| Provided entries |
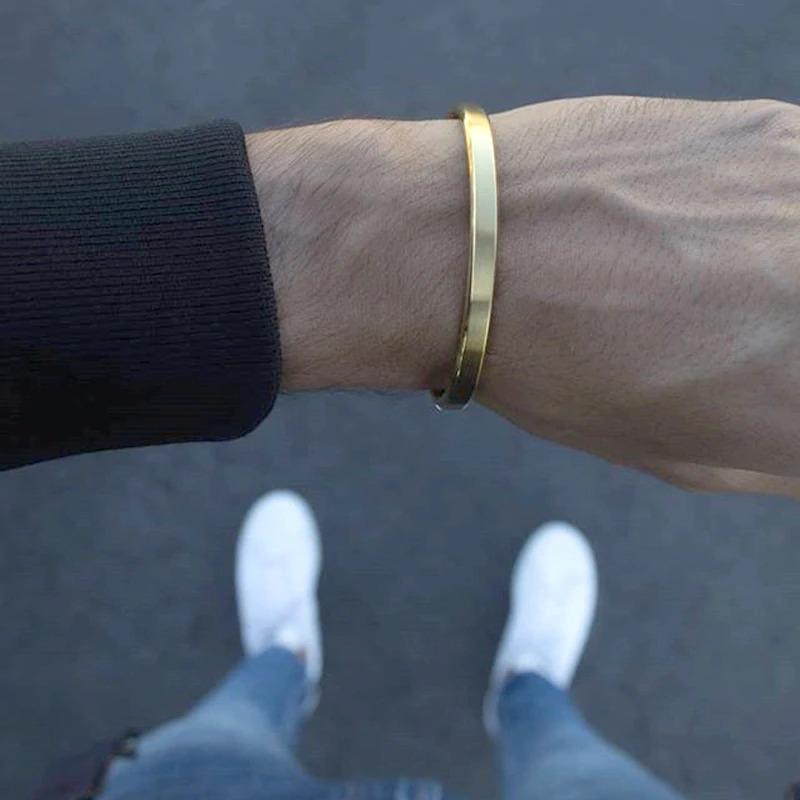 Cuff Bracelet Mens Bangle Luxury Fashion Jewellry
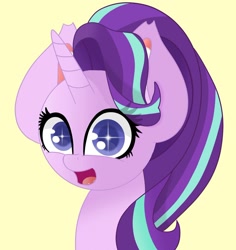 Size: 1024x1083 | Tagged: safe, artist:windykirin, character:starlight glimmer, species:pony, species:unicorn, g4, colored pupils, eye glow, female, looking at you, mare, simple background, solo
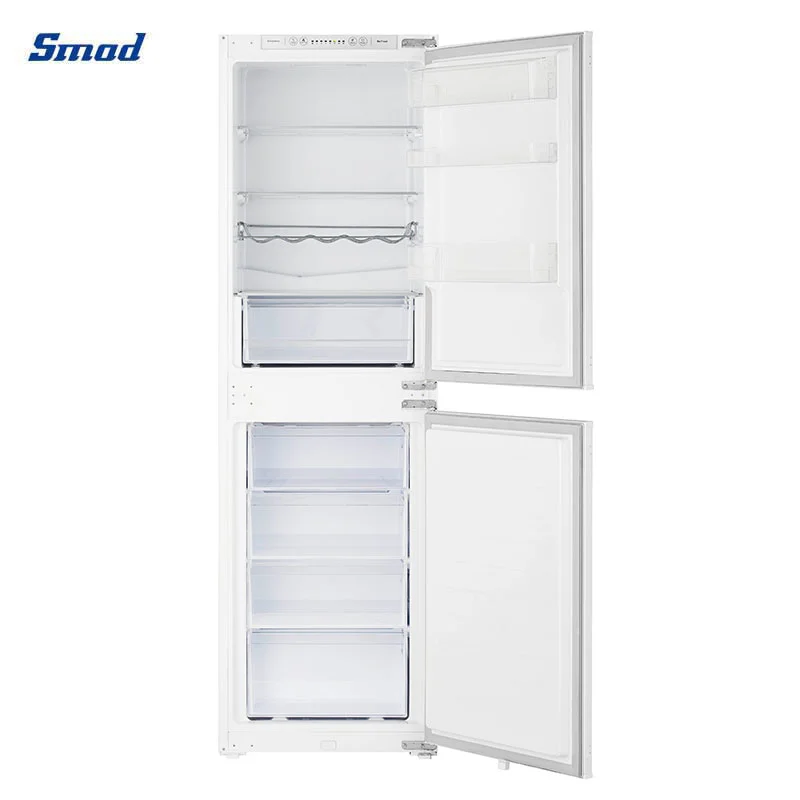 Smad 226L No Frost Built-in Bottom-Freezer Refrigerators Double Door Fridge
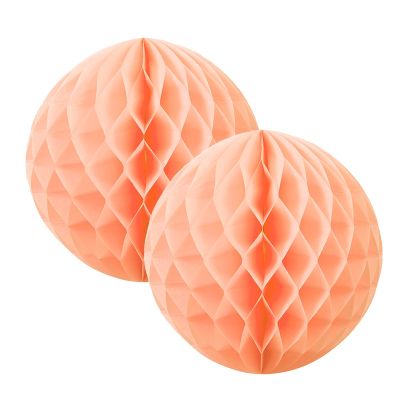 Five Star P2 15cm Paper Honeycomb Ball Peach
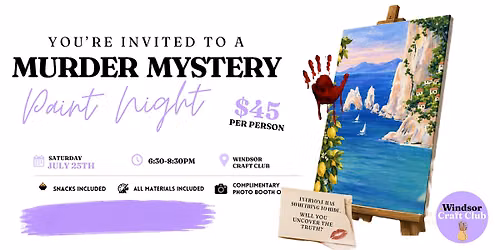 M**der Mystery Paint Night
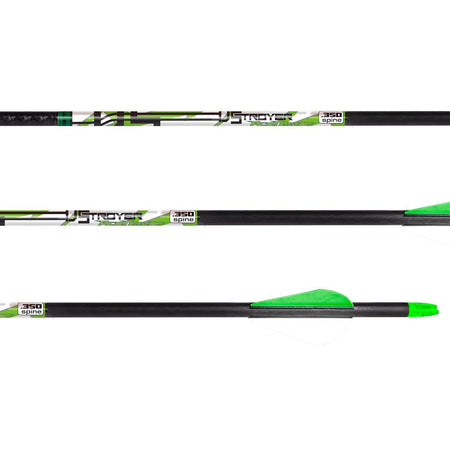 Carbon Express D-Stroyer PileDriver 6-Pack Fletched Arrows 350 Spine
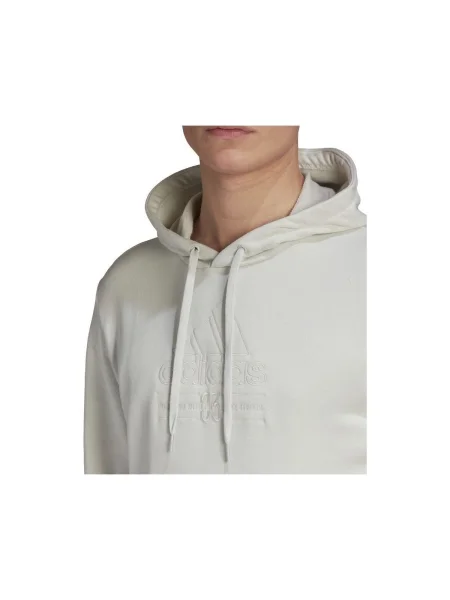 Geacă Adidas cu glugă alb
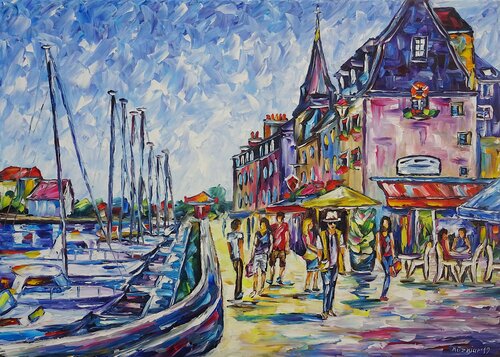 Am Hafen von Honfleur Mirek Kuzniar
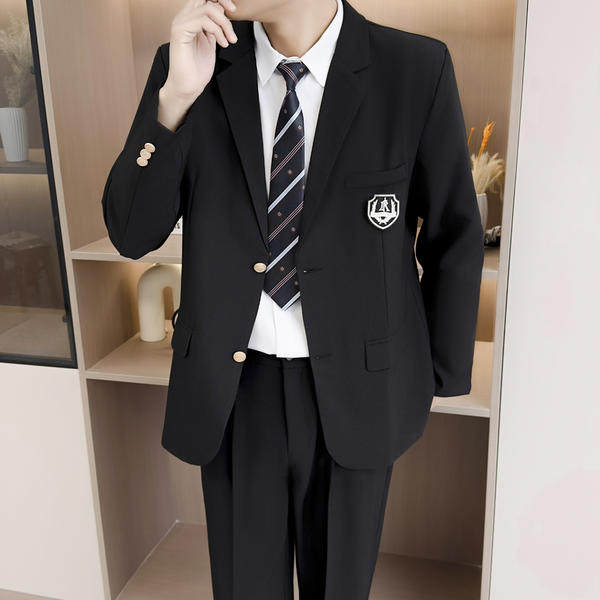 春季西装外套男韩版潮流休闲学院风百搭宽松西服外套男xz101 p65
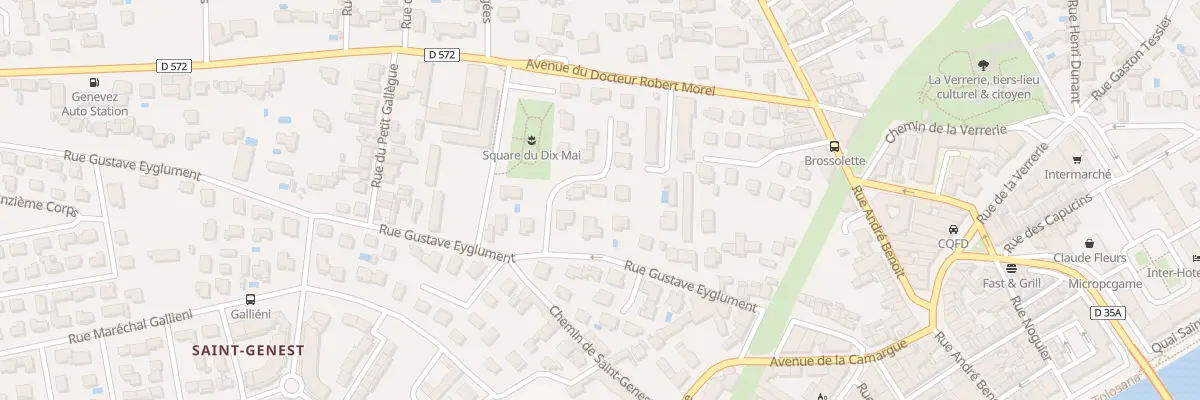 Plan du 6 Rue André Campra à Arles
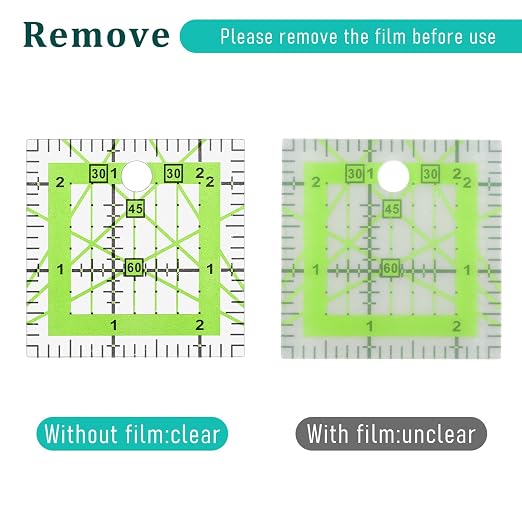 Quilting Rulers, 5 Square Quilting Templates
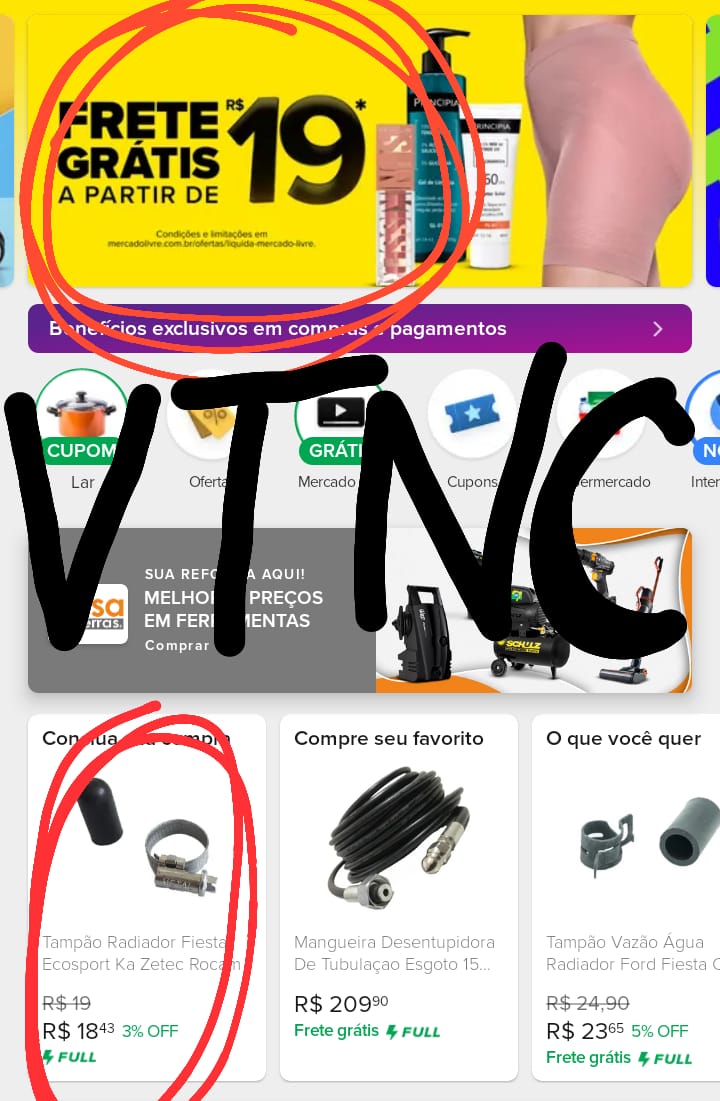 isacdesowsa's tweet photo. Onde a shopee reina, vacilão perde cliente. Obrigado mercado livre pelo maravilhoso "desconto" https://t.co/CffbzO3K6S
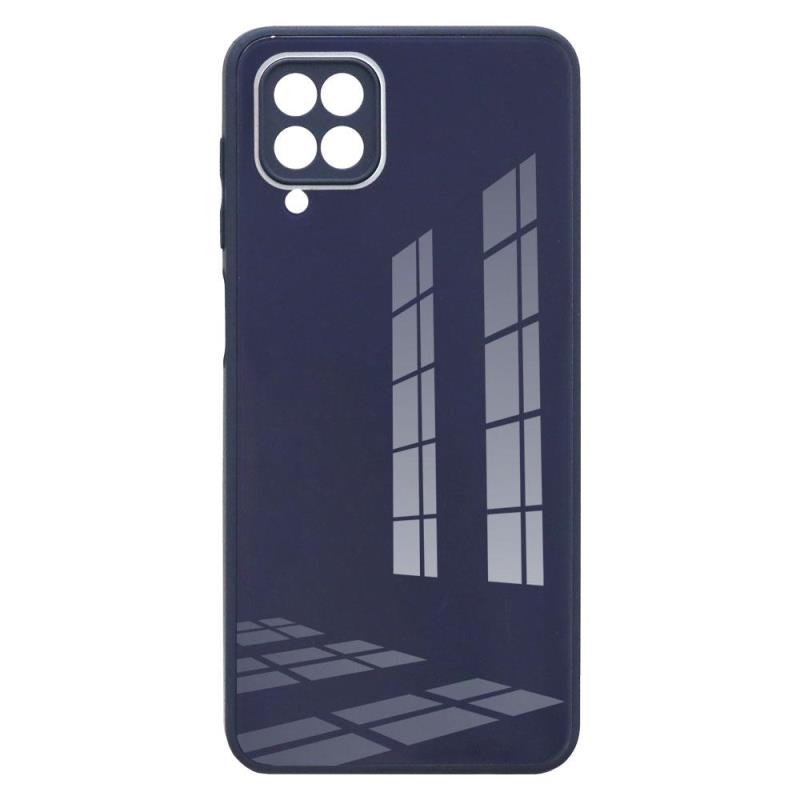 Θήκη TPU & Glass inos Samsung A125F Galaxy A12/ A127F Galaxy A12 Nacho/ M127F Galaxy M12 CamGuard Σκούρο Μπλε | Shopin.gr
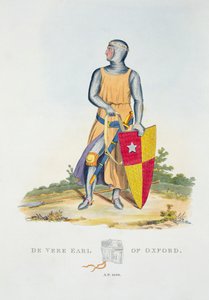 De Vere，牛津伯爵，1280年，来自Ancient Armour by Samuel Rush Meyrick，1824年 作者 英语学校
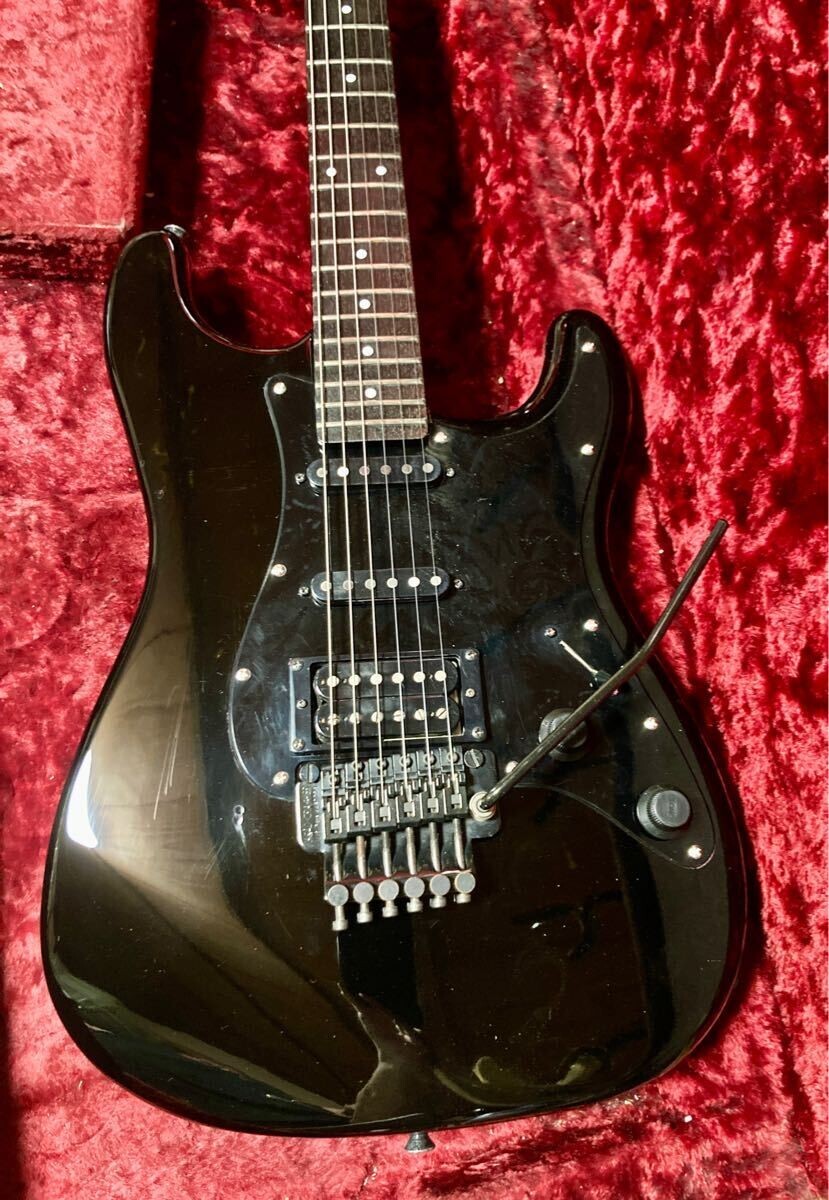 FERNANDES THE FUNCTION FST-65 Electric Guitar Black Used From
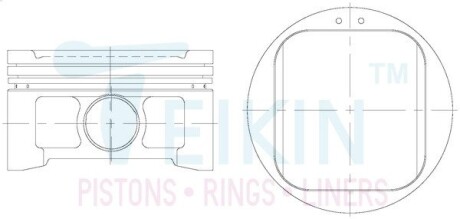 Поршни ремонт (+0.25мм) (к-кт на мотор) Subaru EJ205 TEIKIN 55102025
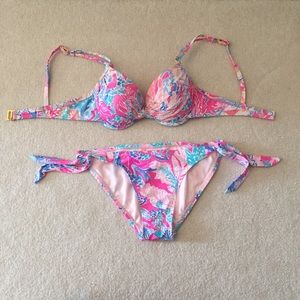 Lilly Pulitzer Bikini in Pink Aquadesiac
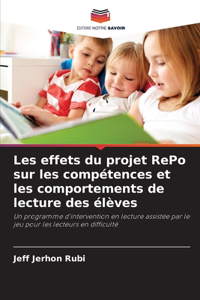 Les effets du projet RePo sur les compétences et les comportements de lecture des élèves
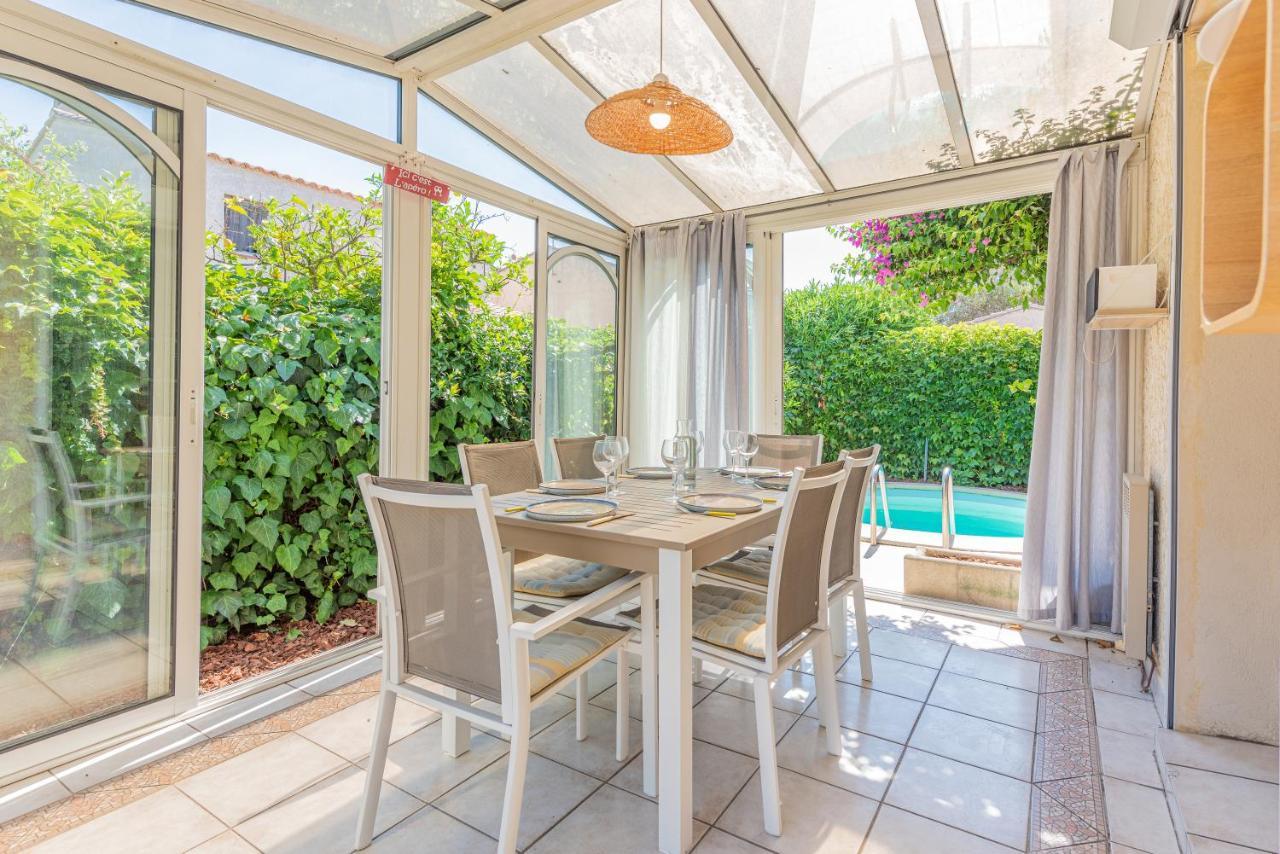 Maison Cosy Avec Petite Piscine Six-Fours-les-Plages Luaran gambar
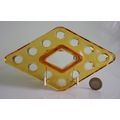 Bagley Art Deco Amber Glass Stem Holder For "Wy...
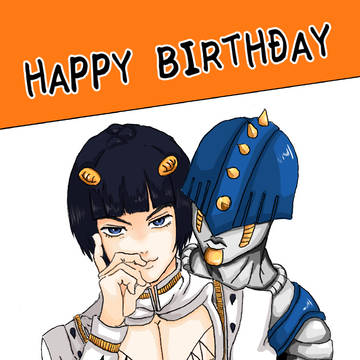 ブチャラティ誕生日イラスト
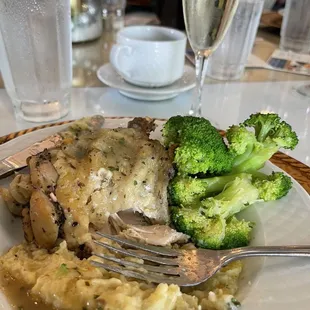 Chicken plate for our brunch at Christmas at Caswell House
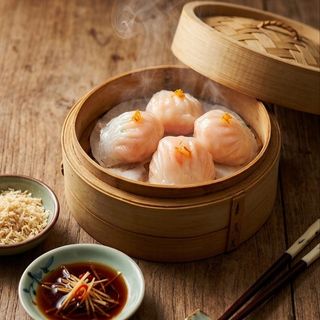 Empanadillas de gambas (5 uds.)水晶虾饺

| Try it |
Copy exactly, and copy only, the lines from the one bearing "Поршни ремонт (+0.25мм)" through the closing line of the material, with both ends kept and pictures removed.

| Exercise output |
 Поршни ремонт (+0.25мм) (к-кт на мотор) Subaru EJ205 TEIKIN 55102025
 Lilly Pulitzer Bikini in Pink Aquadesiac
 Les effets du projet RePo sur les compétences et les comportements de lecture des élèves
 Maison Cosy Avec Petite Piscine Six-Fours-les-Plages Luaran gambar
 Bagley Art Deco Amber Glass Stem Holder For "Wy...
 ブチャラティ誕生日イラスト
 Chicken plate for our brunch at Christmas at Caswell House
 Empanadillas de gambas (5 uds.)水晶虾饺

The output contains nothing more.